The dramatic extent of Labor’s reputational damage with the electorate is made clear in today’s Essential Report, which concentrates on the perceived attributes of the major parties and the Greens.
Essential has asked about a series of positive and negative attributes of the parties twice before, in 2009 and last year. Just over a year ago, Labor performed significantly more poorly than in 2009, but the party’s perceptions have dramatically worsened since then.
Seventy two per cent of voters believe “will promise to do anything to win votes” applies to Labor, up nine points since March last year, while 66% believe “divided” applies — a massive 30-point increase since last year. “Out of touch” has increased 13 points to 61%, and “moderate” has dropped 12 points to 51%. Even otherwise uncharacteristic descriptions such as “extreme” now garner significant support, up 12 points to 38%. And whereas even last year 52% of voters thought Labor had a good team of leaders, only 34% now feel that way.
For the Liberals, however, it’s all positive: a drop in the number of voters who think they’ll promise to do anything to win votes — down from 72% to 65%; a rise in “moderate” perceptions by five points to 55%; “out of touch” down to 54%, “divided” down from 66% to 49%. There was also a big improvement on “good team of leaders”, but off rather a low base, up nine points to 40%. The Liberals lead Labor on nearly every positive indicator and trail on nearly every negative indicator. Labor still has a one-point lead on “looks after the interests of working people.”

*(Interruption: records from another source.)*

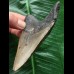10,3 cm grauer Unterkieferzahn des Megalodon 10,3 cm grauer Unterkieferzahn des Megalodon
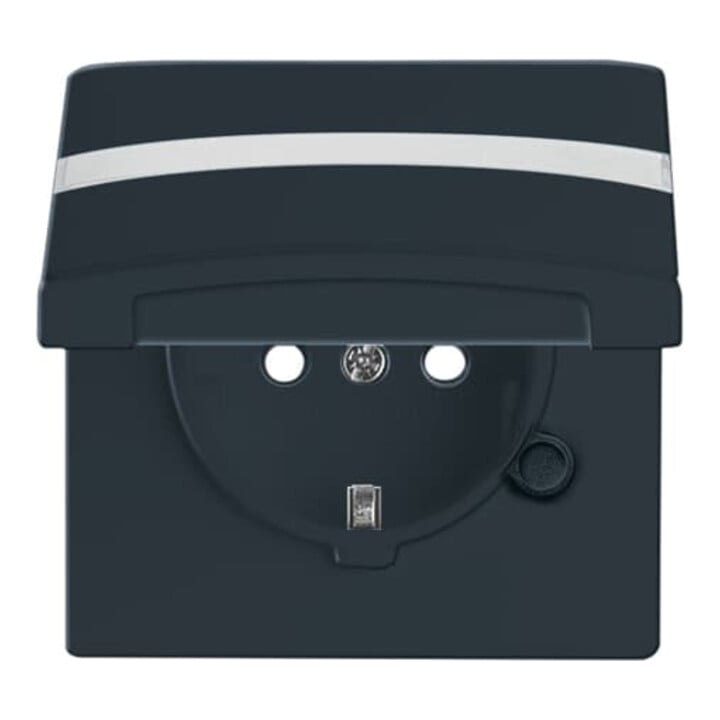 Busch-Jaeger Prise Schuko encastrée IP44 anthracite 20 EUGKBN-35-101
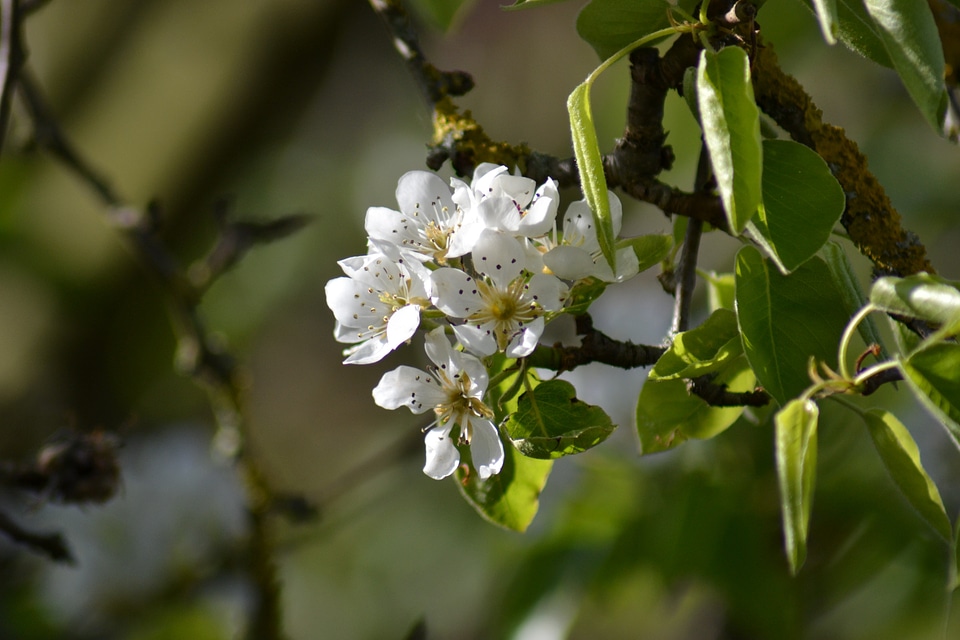 Pink pyrus close-up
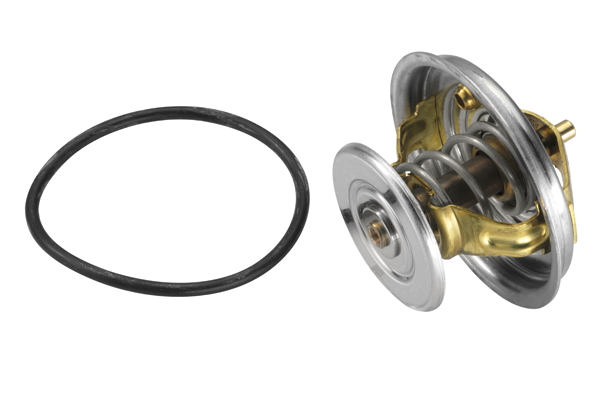 Termostato, Refrigerante - 4078.87D BorgWarner (Wahler)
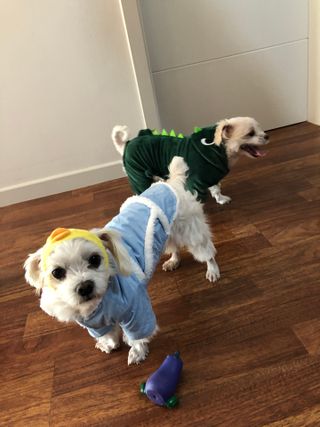 쫑쫑님이 올린 리뷰 사진 4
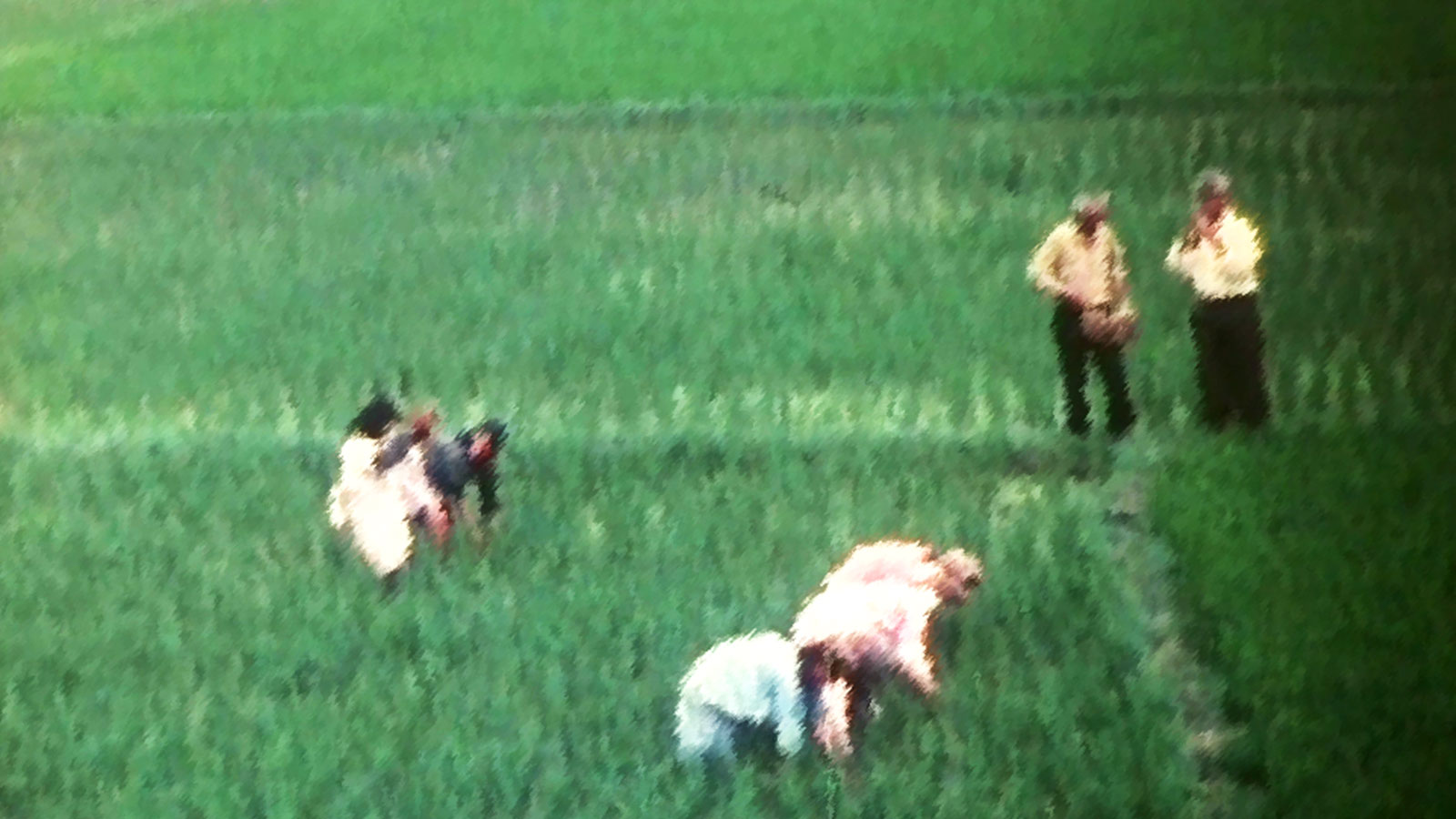 زمزمه های بی نام و نشان-هاشور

Essential also asked the same questions about the Greens. They did poorly on attributes such as “extreme” (61%) and “out of touch” (60%) but were lower than the major parties on “will promise to do anything to win votes” (52%). But they also performed as well as or better than Labor and Liberal on “clear about what they stand for” (51%) and “have a vision for the future” (49%). Labor only scored 28% on “clear about what they stand for” (the Liberals scored 44%) and 43% on “vision for the future” (Liberals 48%). There’s also little risk of the Greens being perceived as too close to corporate and financial interests — the Liberals were way ahead on that, on 60%; 46% of voters thought that of Labor, but only 22% (and what on earth were they thinking) of the Greens.
On other questions, the recent scandals around ADFA don’t appear to have tarnished the reputation of the military as a career option — 71% of people still think it provides a good career for young people, although it isn’t as well regarded as a trade, or ICT (both well over 80%) or teaching or nursing. And voters also strongly support greater regulation of poker machines — 62% want more regulation of pokies, second only to online gambling (68%) and well ahead of sports and horse racing betting.
On voting intention, it’s steady: Coalition primary vote on 47%, Labor on 35%; Greens down a point to 10%, the same 2PP as last week, 54-46% to the Coalition.